What gave me the giggles some days ago – and this might serve you as an indicator of how Venezuela is faring these dark days – is that right on the onset

of carnival, on Saturday, president Maduro interrupted all prime-time programs on TV and radio, soaps and movies to launch yet another one of his interminable broadcasts or cadenas. I saw some parts of it by chance, had really no idea what he was talking about, and switched back to the satellite TV channel I was watching. Now, what did give me the giggles? The day after, I decided to ask anyone I knew about that cadena. What did Maduro say? Invariably, nobody knew. I looked it up in Twitter, the chatterbox of Venezuela. No information! I started laughing, and told myself: undoubtedly, many Venezuelans will have seen that presidential moustache crawling up and down and sideways on their screens for those ninety minutes on prime time, on a Saturday for Pete’s sake!

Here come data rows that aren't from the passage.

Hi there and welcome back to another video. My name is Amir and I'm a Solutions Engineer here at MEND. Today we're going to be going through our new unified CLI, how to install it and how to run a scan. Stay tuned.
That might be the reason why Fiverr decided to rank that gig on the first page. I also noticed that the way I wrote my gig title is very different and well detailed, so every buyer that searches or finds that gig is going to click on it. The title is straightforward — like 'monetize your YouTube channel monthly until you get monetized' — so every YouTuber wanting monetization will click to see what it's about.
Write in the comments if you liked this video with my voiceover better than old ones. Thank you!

And nobody knows what the whole interruption was about?


Mind you, he was talking and talking about a failed coup staged against him, an assassination plot, and plans cooked up by president Obama himself to knock over his government. There was even talk about some planned invasion of the country from abroad… and nobody cared! Virtually no one in the country is really interested in Mr. Maduro’s stories. I’m not saying that he was making up the story, although it sounded all very carnavalesque to me when I read about it a day later. I am just stating that nobody cares anymore about this topic. And that is serious and disturbing, I really think so. If a nation thinks in such an indifferent way about its government, then what could come next? 

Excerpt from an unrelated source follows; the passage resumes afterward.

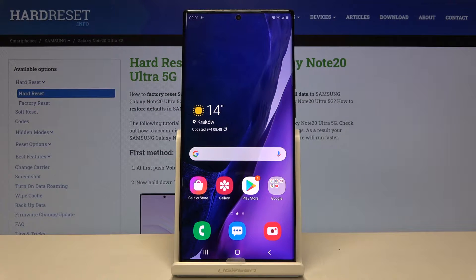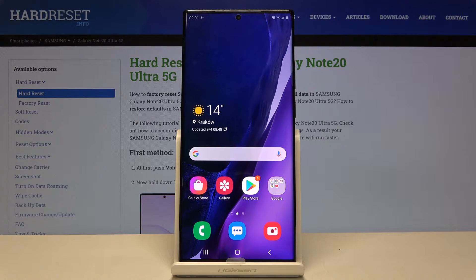Welcome! I've got the Samsung Galaxy Note 20 Ultra and I'm going to show you how to activate audio control in the camera app on this device.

Last week I mentioned the “Marginal Currency System” or SIMADI. The government stated that this exchange system, in which you can freely exchange dollars and bolivars at the market’s rate, would become operative right after carnival. But as it goes every time, things in Venezuela go the other


way. SIMADI’s exchange rate was published by the government just before the carnival weekend, without warning. And suspiciously close to the black market dollar rate, which raised more than an eyebrow. And to make the surprise complete, it started crawling upwards a day later. Which indicates that before the official launching date, there was already trading in dollars with SIMADI. By whom? What is the rest of us mortals to expect after tomorrow? Through a friend of mine I learned that a foreigner, using his credit card, withdrew bolivars from an ATM in Caracas a couple of days ago, at the SIMADI’s exchange rate.

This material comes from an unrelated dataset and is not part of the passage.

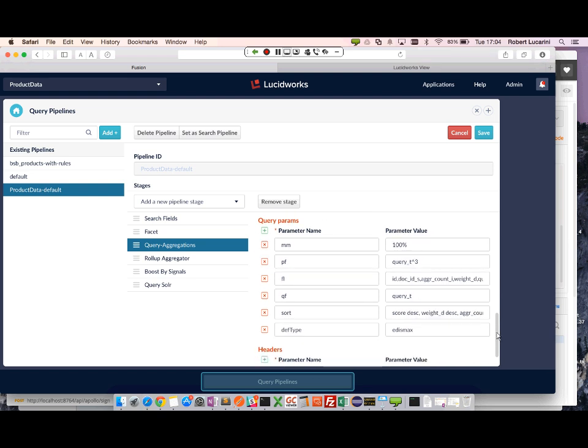And I've included a couple other Solr parameters. I think it will be helpful. We have a min match of 100%. So I want the user search term to match 100% the aggregation search term.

It all sounds like the cake is being eaten on the way from the kitchen to the dining room. And some economists even suspect that SIMADI is nothing more than the government’s branch of the black market currency trade. For now, I don’t hold any opinion about that, because it will become apparent only after tomorrow what SIMADI is really about. But let me tell you this: if there weren’t so many crude and deadly contradictions, Venezuela would be a year-round carnival full of beauty queens and less gorgeous fat-bellied drunks, framed by breathtaking tropical nature. 

But unfortunately, the cake on the table is the cake we are supposed to eat. Half-eaten, if there is no other option. Yummy. 
   
Have a great week and till next Wednesday!